Of course recently I haven’t helped the cause. After the kind offer from Will Hobson to make his farm available to run round two of the Vinduro series at Ngawaka, I along with Perry Hunt and Lee Forsyth headed out to Will’s place in the backblocks of Central Hawkes Bay to do the first reconnaissance.  Preceding that week the Hawkes Bay had been hit with some serious rain which made the hill country pretty slick in places. Notwithstanding that we plotted out two loops that with some further refinement would have offered some 60kms of good riding – depending on whose speedo you believed!

Seperately I committed to Will that a second reconnaissance ride would be needed to refine the course intent and record more closely the distances, times and average speed to get that bit nailed before we committed to marking it all out. To achieve this, while we could have used speedos and watches I decided to use a GPS tracker called Relive which not only records critical time and distance data but gives you a route map and 3D video of the terrain ridden. Very cool.

The week after the second reconnaissance however my plans were severely derailed. Sitting at work compiling my emails, I noted a sudden onset of black spaghetti appearing in my left eyeball followed shortly thereafter with what I called white out conditions – snow blind. I remember thinking WTF - this isn’t good!
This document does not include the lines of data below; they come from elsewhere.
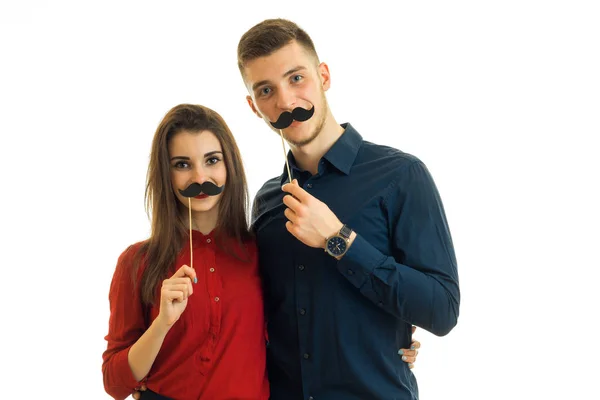 Bela menina e menino olhar para a direita e manter perto de seus rostos papel bigodes pretos — Fotografia de Stock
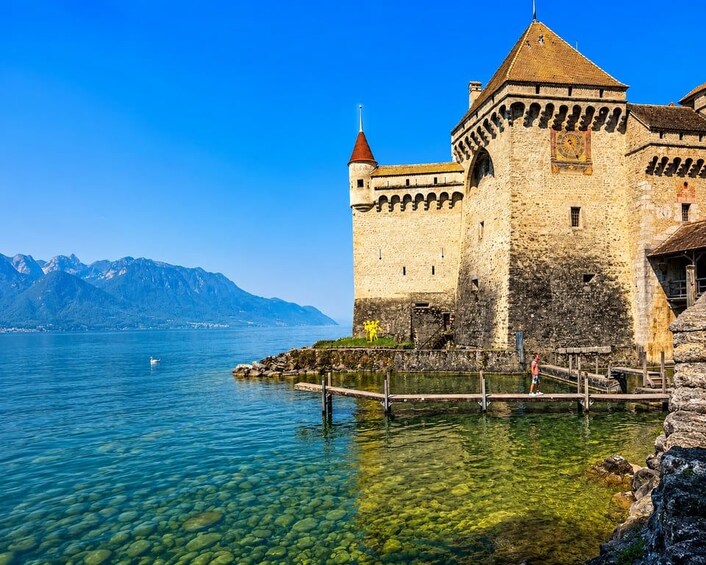 A historic castle by a clear lake with mountains in the background. 5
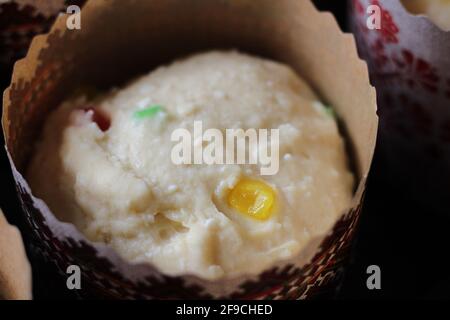 Roher Teig mit kandierten Früchten für Ostergebäck in Papierdosen, fertig zum Backen Stockfoto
 So with my good eye I quickly left work and hotfooted it the nearest optometrist that would take me - which in this case was SpecSavers. A 10 minute wait then the Optometrist did their inspection.  Within 5 minutes they had me on my way to hospital for an urgent assessment and intervention – things were not looking good – I couldn’t see anything and they couldn’t see into my eye. Hmmm – doubly not good!

At Wellington hospital the senior Ophthalmologist in short order identified that I had a double retina tear and eyeball haemorrhage and without urgent  surgery would face the full prospect of a full blown retina detachment, permanently diminished eyesight and/or possible permanent blindness. Oh joy.. So within short order I was placed on the slab, my eye put to sleep, two ports (needles) placed in my eye ball – one to suck out the blood and the junk out, and the other to allow access for the retina laser spot welder and to allow the insertion of a gas bubble to keep the eyeball under pressure. 
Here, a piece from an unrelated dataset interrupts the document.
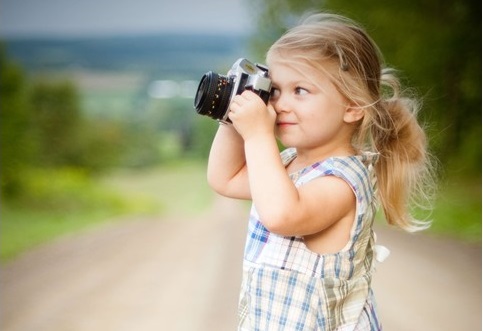 A picture of a little girl taking a picture. Taking snapshots of the day is a good practice of mindfulness.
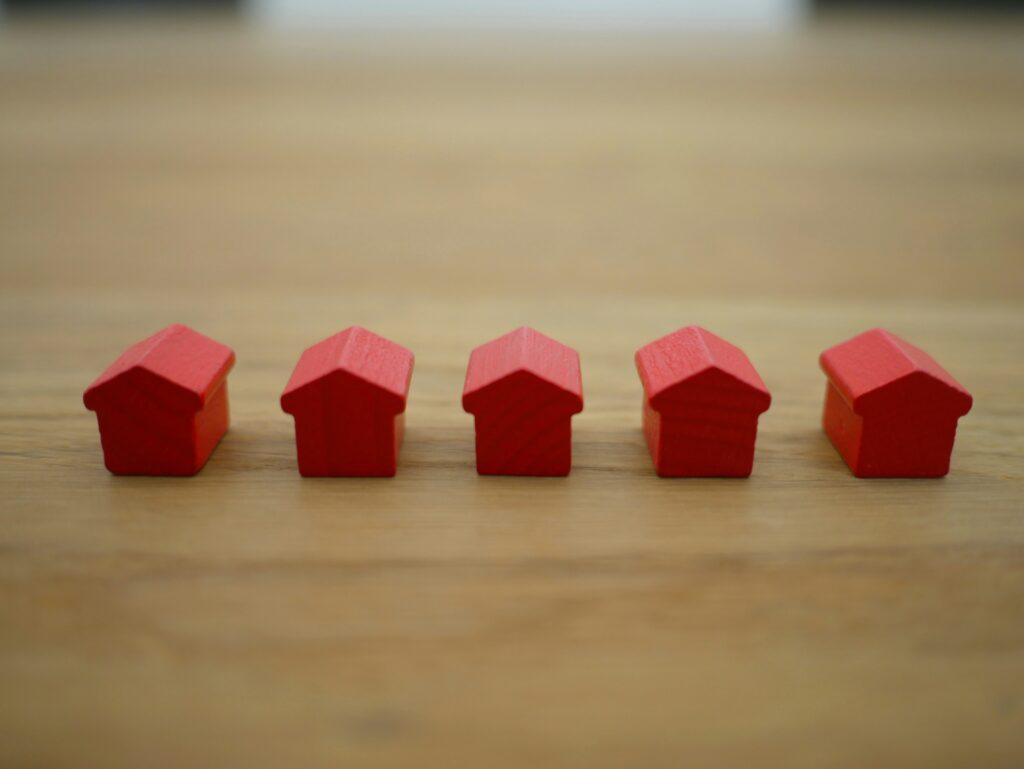 Row of small red wooden houses on tabletop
Amazing really. The surgery was technically successful and within 24 hours I was back home. Now I am in recovery mode with every day the eye making some improvement but with strict instructions of no heavy lifting or physical workouts, stay below 500m and so on  – total recovery is likely to take some months. So with all that happening I made the call to cancel the Ngawaka Vinduro as practically I was unable to provide the necessary organisational support to run the event. As John Rushworth from Silver Bullet Events said - darn I thought 2021 was all going to be party hats! 

With that aside there's still alot on to  look forward to with busy schedule of events.

Just in cl;osing, I now often now get asked what causes a torn or detached retina – there are two potential answers – the first is you get poked in the eye with a blunt stick or something similar, or second – old age. No need to guess which applies to me.

I will see you on the flip side – hopefully!